(TASK STATEMENT) All that is needed is the lines from the one containing "Matthias Stom (1600-1650)." through the end of the listing, printed exactly, with no pictures among them.

(RECORD EXTRACTS)
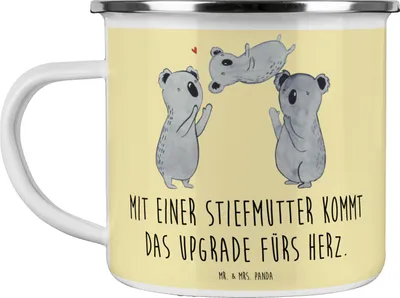 Produktbild von Mr. & Mrs. Panda Teetasse Herz Stiefmutter - Gelb Pastell - Geschenk, Emaille Tasse, Reisebecher, Upgrade, Campingbecher, Haferl, Pott, Stiefkind, Liebe, Handarbeit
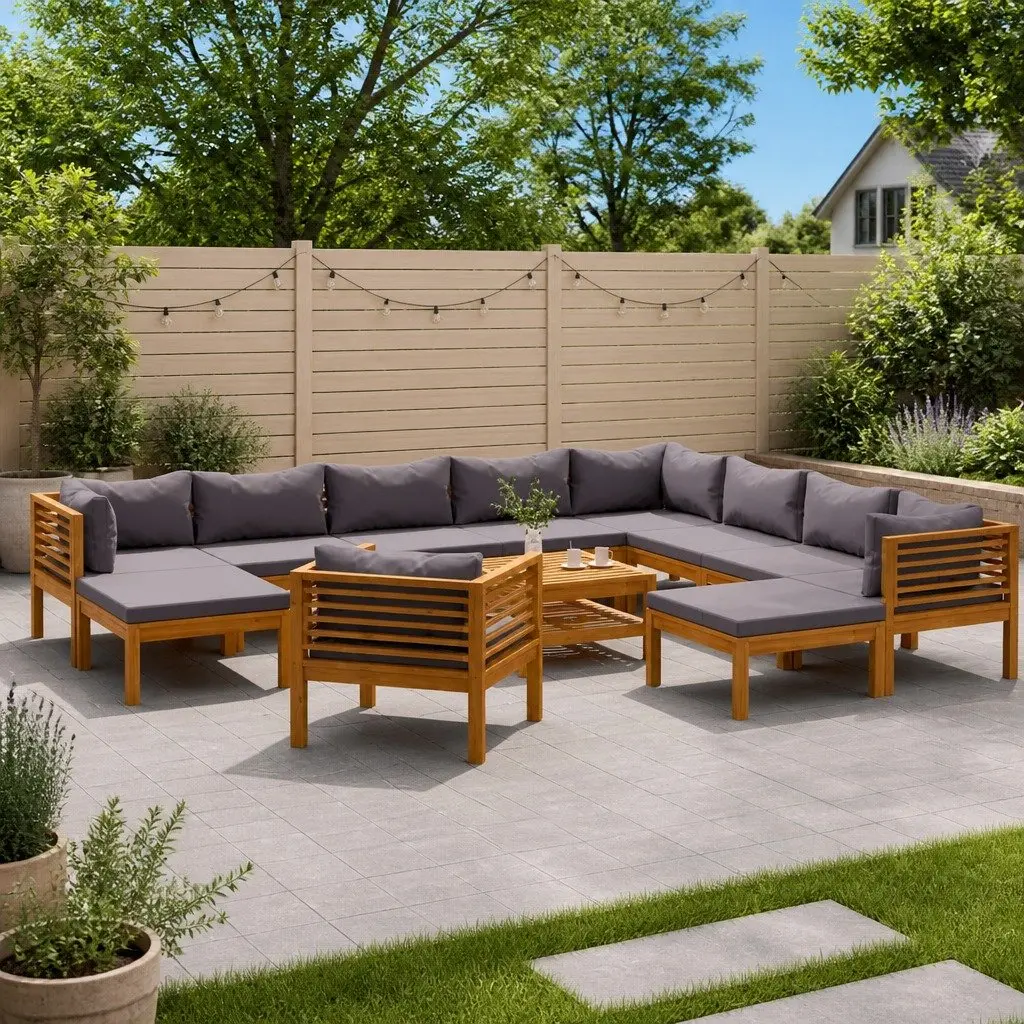 Outdoor Lounge Set Grey 12 Piece Modular Acacia Wood Sofa with Cushions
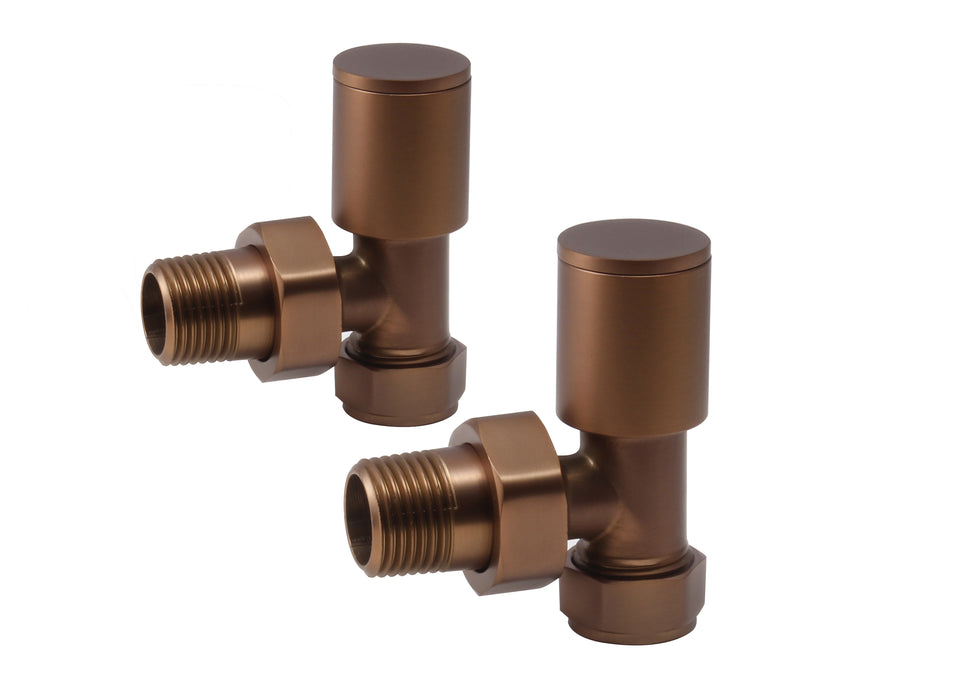 Brushed Bronze Angled Manual Radiator Valve (Pairs) - 69363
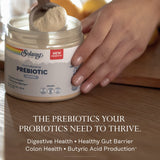 SOLARAY prebiótico vegano y libre de gluten, apto para diversas dietas.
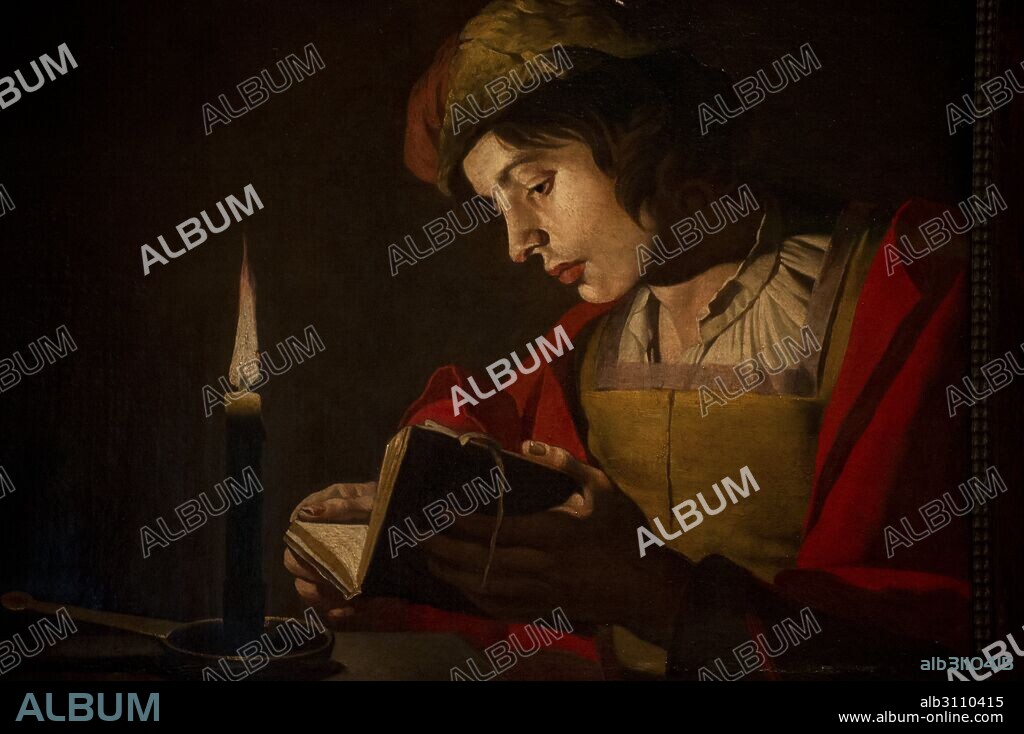 Matthias Stom (1600-1650). Pintor tenebrista holandés. Hombre joven leyendo a la luz de una vela, hacia 1630. Museo Nacional (National Museum). Estocolmo. Suecia.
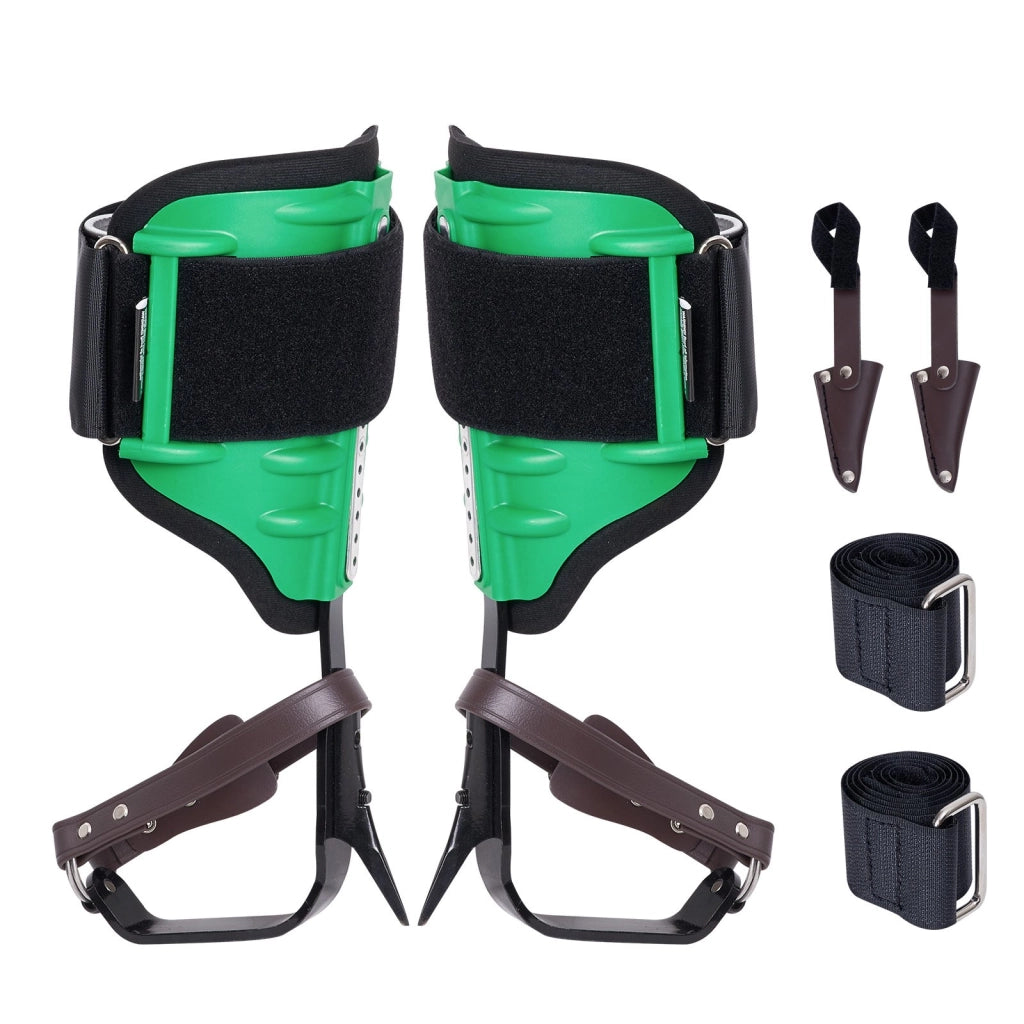 1 Paio di Speroni da arrampicata per alberi ROPE-G-001 in lega di acciaio verde regolabili e robusti portata 158,75 kg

(OUTPUT BELOW)
 Matthias Stom (1600-1650). Pintor tenebrista holandés. Hombre joven leyendo a la luz de una vela, hacia 1630. Museo Nacional (National Museum). Estocolmo. Suecia.
 1 Paio di Speroni da arrampicata per alberi ROPE-G-001 in lega di acciaio verde regolabili e robusti portata 158,75 kg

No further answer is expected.